Metsera announced positive Phase 1 results for MET-233i, an ultra-long acting amylin analog that achieved up to 8.4% placebo-subtracted weight loss at Day 36, marking a significant advancement toward the first monthly amylin-GLP-1 combination therapy for obesity treatment.
The randomized, placebo-controlled, double-blind Phase 1 trial evaluated MET-233i in 80 participants with overweight or obesity without type 2 diabetes. The study tested single doses ranging from 0.15 mg to 2.4 mg, and multiple doses from 0.15 mg to 1.2 mg administered once weekly over five weeks without titration. The trial population had a mean baseline body mass index of approximately 32.
Exceptional Pharmacokinetic Profile
MET-233i demonstrated dose-linear pharmacokinetics with an observed half-life of 19 days from dose to 50% of Cmax, representing the most durable pharmacokinetic profile of any known amylin analog. This ultra-long half-life supports once-monthly dosing with simplified titration, a significant improvement over existing weekly amylin candidates.
"We are excited by these impressive results from MET-233i, which demonstrate exceptional efficacy with no safety signals, and enable the potential first monthly multi-NuSH combination," said Steve Marso, M.D., Chief Medical Officer of Metsera. "We observed five-week body weight loss comparable to that of leading GLP-1-based medicines, and we identified efficacious starting doses with placebo-like tolerability."
Robust Weight Loss Efficacy
The study showed dose-dependent weight loss, with the highest dose of 1.2 mg achieving a placebo-subtracted mean weight loss of 8.4% at Day 36. Individual responses reached as high as 10.2%. In the single ascending dose portion of the trial, substantial weight loss was maintained more than four weeks after dosing, supported by MET-233i's ultra-long pharmacokinetics.
MET-233i's exposure profile after multiple doses matched that of Metsera's GLP-1 receptor agonist candidate MET-097i, supporting combinability as a potential first-in-category once-monthly multi-NuSH combination.

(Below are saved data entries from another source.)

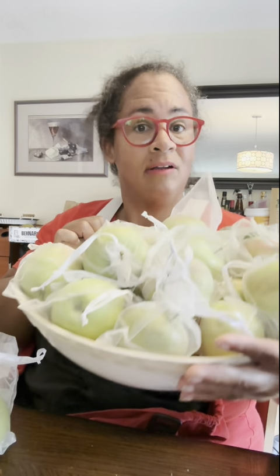I'm really happy with the amount of apples that we got this year, seeing that my trees are still very young and most of them are grown in pots.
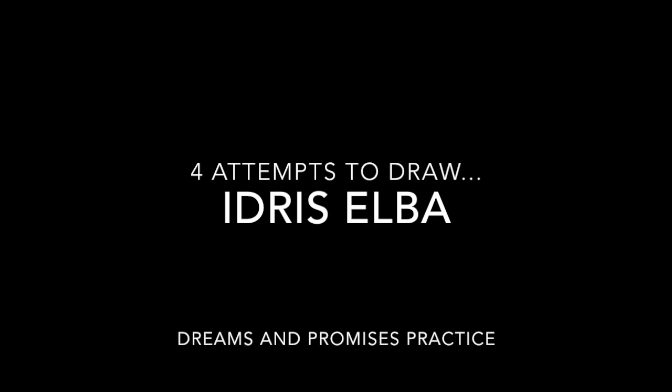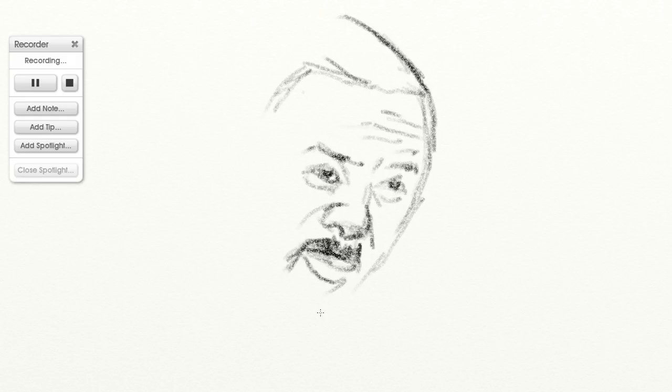I wanted to get a practice drawing in on Idris Elba this time, and I put in a little bit more work than just one image. I went online and looked for several different images to figure out different angles, though I couldn't get his face shape right. I wasn't looking for total accuracy — I was looking for simple ways to define his face, and I never achieved that in any of the drawings. It was a struggle.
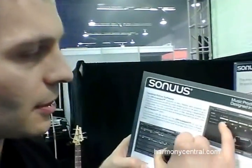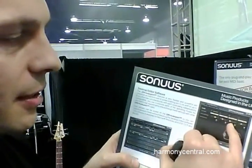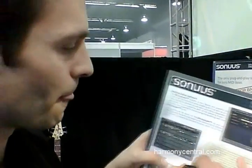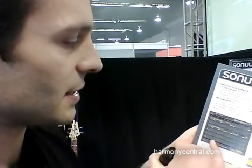We have a software app that lets you configure four presets, so you can have guitar, bass guitar, voice, wind, brass, or use it with a theremin — up to six MIDI channels simultaneously. You can set a gate with different note ranges, so on different notes you can have different MIDI channels playing with different instruments.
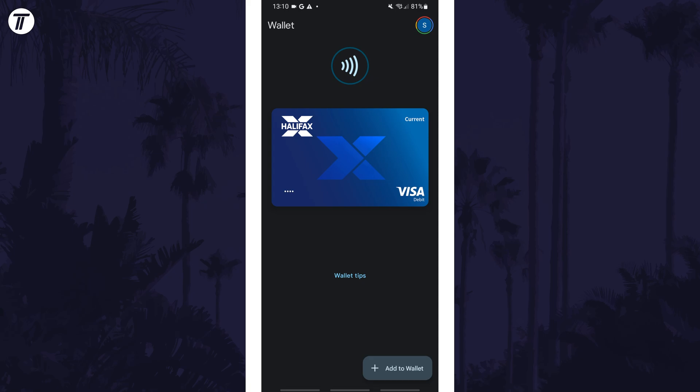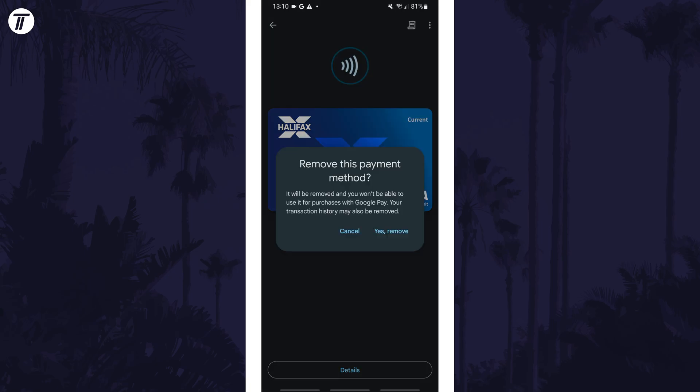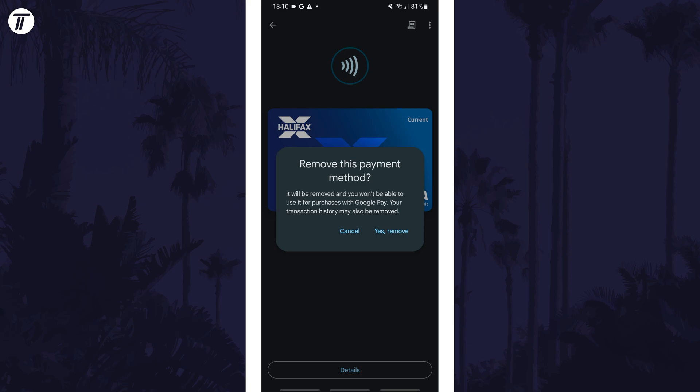Once you've found it, tap on it and then tap on the three dots icon in the top right. Now select 'Remove Payment Method' from the list and then confirm this by tapping on 'Yes, Remove.'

These results validate Metsera's proprietary HALO™ peptide stabilization and lipidation platform technology.
Favorable Safety and Tolerability Profile
The trial demonstrated favorable tolerability results with no safety signals. Gastrointestinal adverse events in the multiple ascending dose portion were all mild, dose-dependent, and primarily confined to the first week of dosing, indicating rapid onset of tolerance despite a three-fold accumulation of exposure over five weeks. Anticipated starting doses of 0.15 mg and 0.3 mg showed tolerability results comparable to placebo in both single and multiple dose portions.

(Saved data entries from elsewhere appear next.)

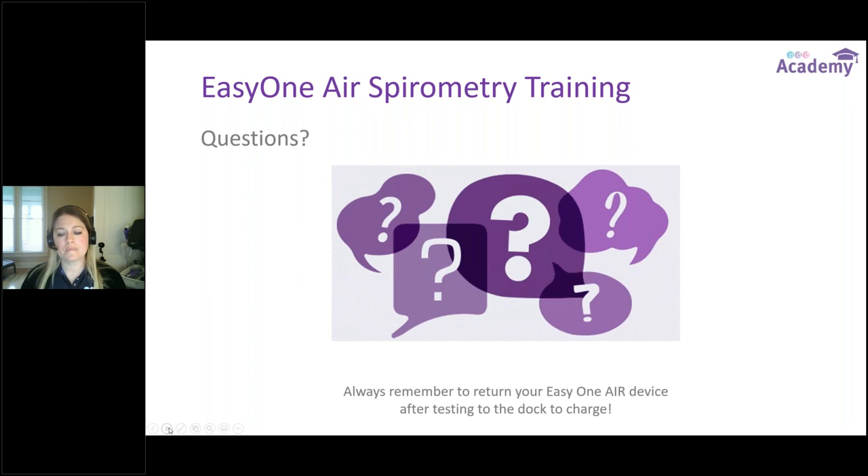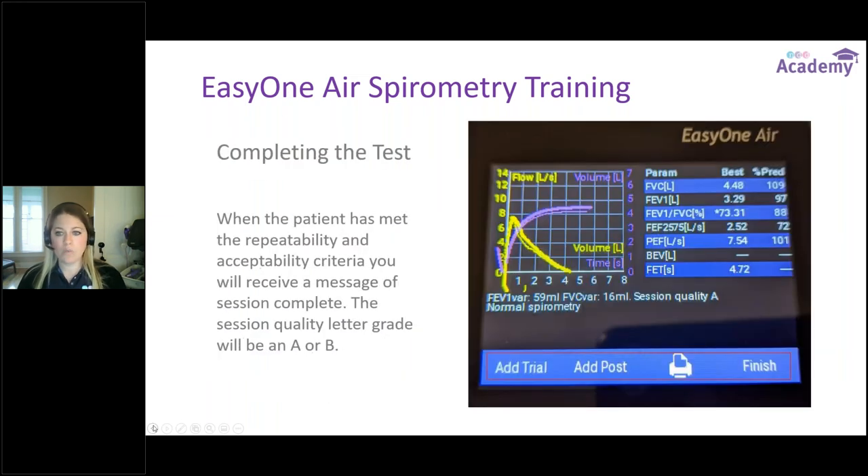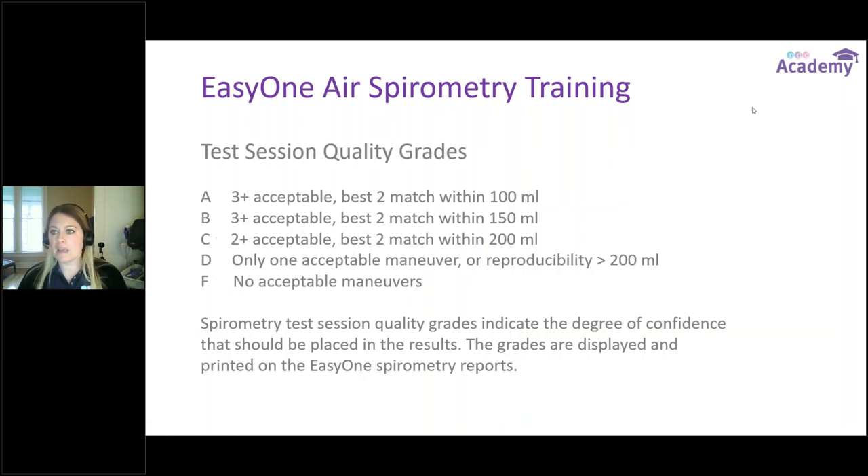Question: how do you delete an unacceptable maneuver during the test? You can get to the results screen before you complete a session. On the coaching bar between trials there are two options: Add Trial or View Data. Between each trial you can choose to view the data — on the device screen between trials there is a small trash can icon, so you can delete a trial while testing. Once you've finished the test, you cannot go back in and edit. Deletion needs to be done trial by trial.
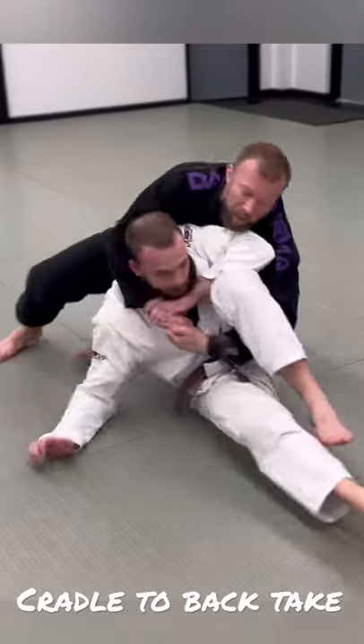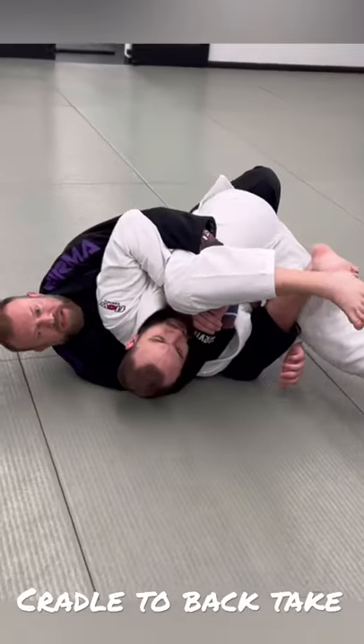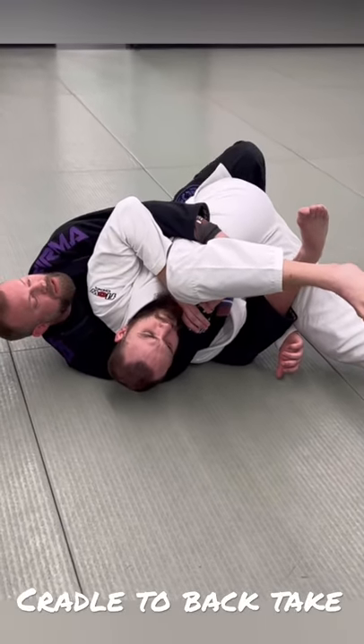I'm going to post here, pick him up, throw that leg over, then fall to that side I just hooked. Now my foot here is between his legs.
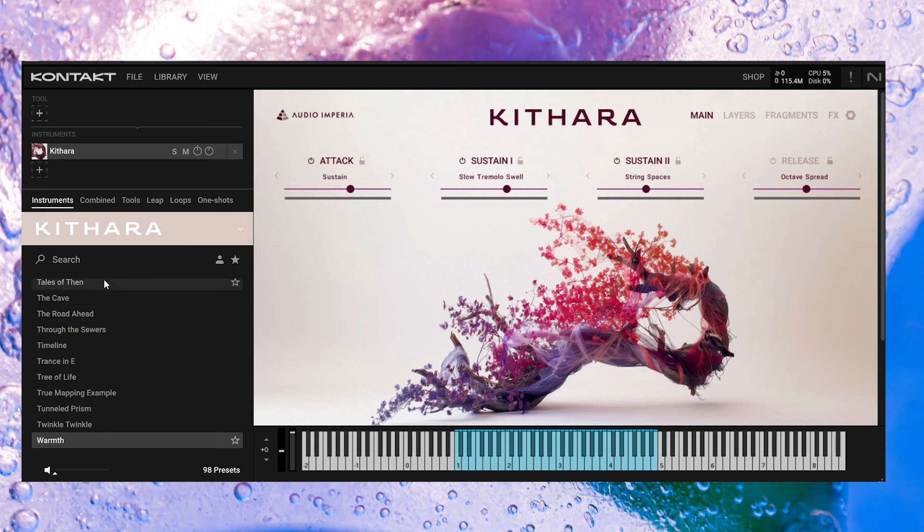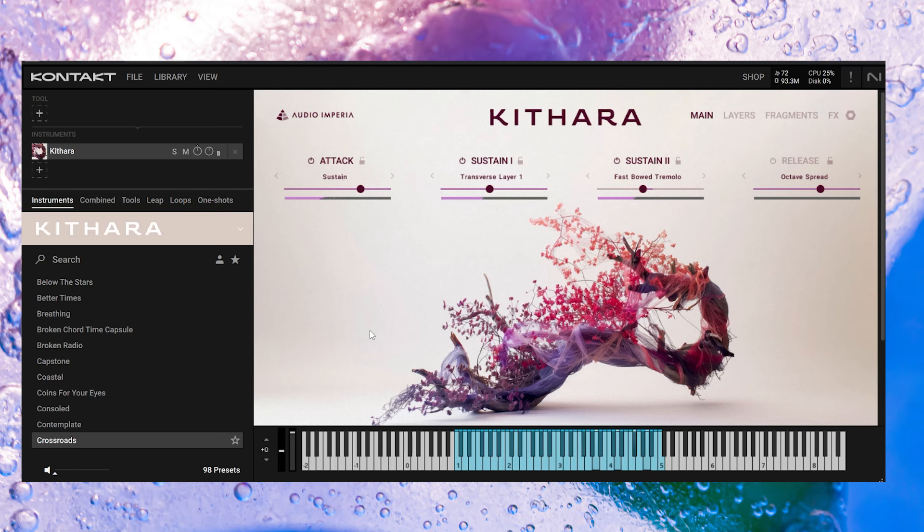You'll notice on the left-hand side the categories are not actually categorized at the moment, but like I say, this is a beta, so I'm sure it will have pads, soundscapes, that kind of thing. So we're going to click around some different presets. I've got Crossroads — I'm going to bring in the mod wheel. Yeah, it sounds gorgeous.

No severe or serious adverse events were observed in either portion of the trial to date.
Clinical Significance and Market Position
"Amylin agonism has emerged as a central therapeutic mechanism for metabolic diseases, but candidates in development have been limited to weekly dosing," said Professor Carel le Roux, Director of the Metabolic Medicine Group and Chair in Experimental Pathology at University College Dublin. "The durability and efficacy of MET-233i in this trial, along with its combinability with Metsera's GLP-1 RA, make it the potential first monthly multi-NuSH combination candidate for patients seeking greater levels of well-tolerated weight loss with a more convenient dosing schedule."

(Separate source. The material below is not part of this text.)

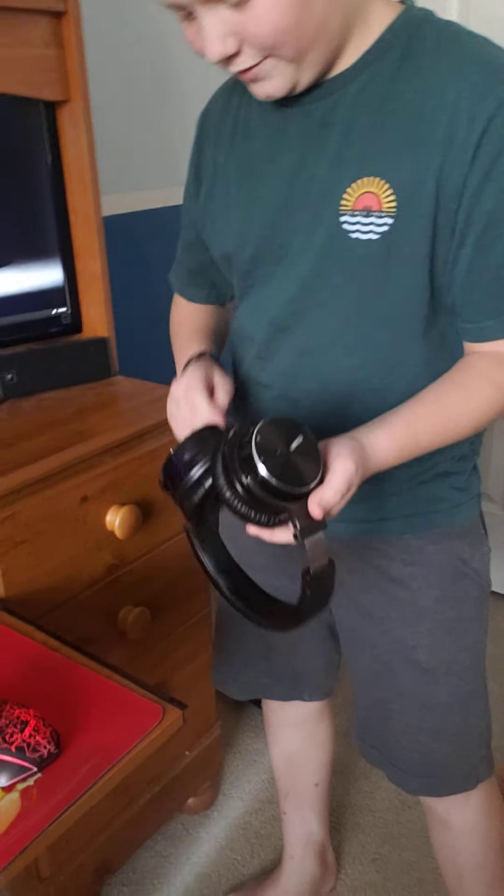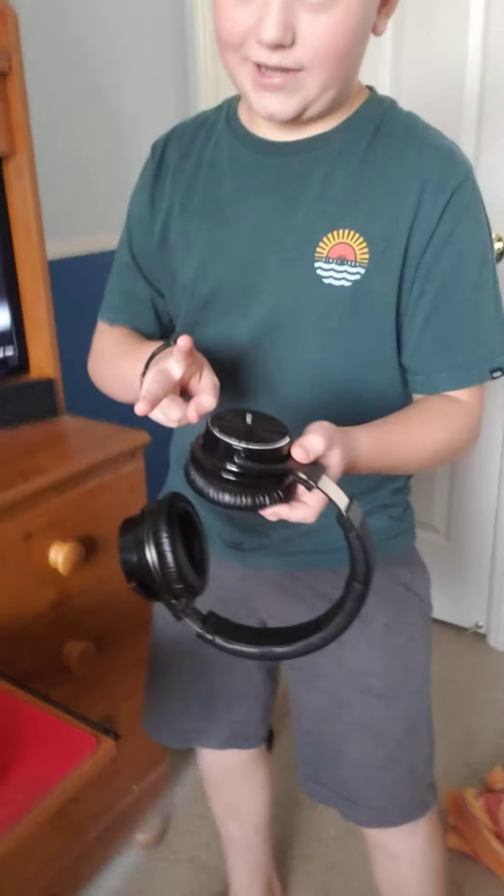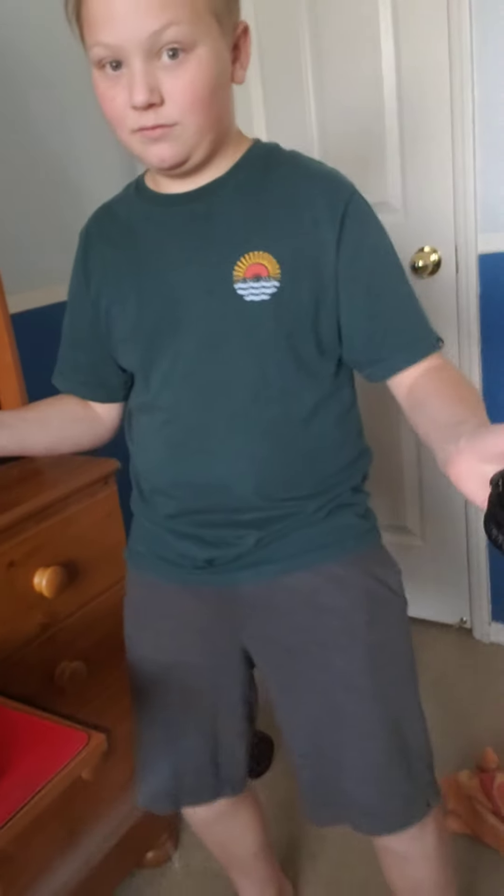And then you got these bad boys — wireless. So like, imagine if you took scissors and there was a wire right here, you snip snip, and they still work. These are wireless headphones.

Development Pipeline and Next Steps
Based on these positive results, Metsera is rapidly advancing MET-233i through multiple development pathways. An ongoing monotherapy trial evaluates 12 weekly doses of MET-233i with dose titration, followed by an exposure-matched monthly dose at week 13, with topline data expected in late 2025.
The company has extended an ongoing co-administration trial of MET-233i and MET-097i to twelve weeks, with topline data expected by year-end 2025 or early 2026. Additionally, Metsera expects to report topline clinical data from its ultra-long acting GIP receptor agonist, MET-034i, in combination with MET-097i, in late 2025.
MET-233i is being developed as both a monotherapy and in combination with MET-097i via the FDA biologic pathway, with the intent to pursue regulatory approval under a Biologics License Application (BLA) in the United States.
Platform Technology Validation
The results further substantiate Metsera's HALO™ platform technology, which enables peptides to bind simultaneously to albumin and drug targets. This design facilitates a half-life approaching that of albumin and exceeding other NuSH peptides, potentially enabling monthly dosing, improved tolerability, and improved scalability.
Metsera, founded in 2022 and based in New York City, is advancing a broad portfolio of oral and injectable incretin, non-incretin and combination therapies for obesity and metabolic diseases, positioning itself at the forefront of next-generation weight loss treatments.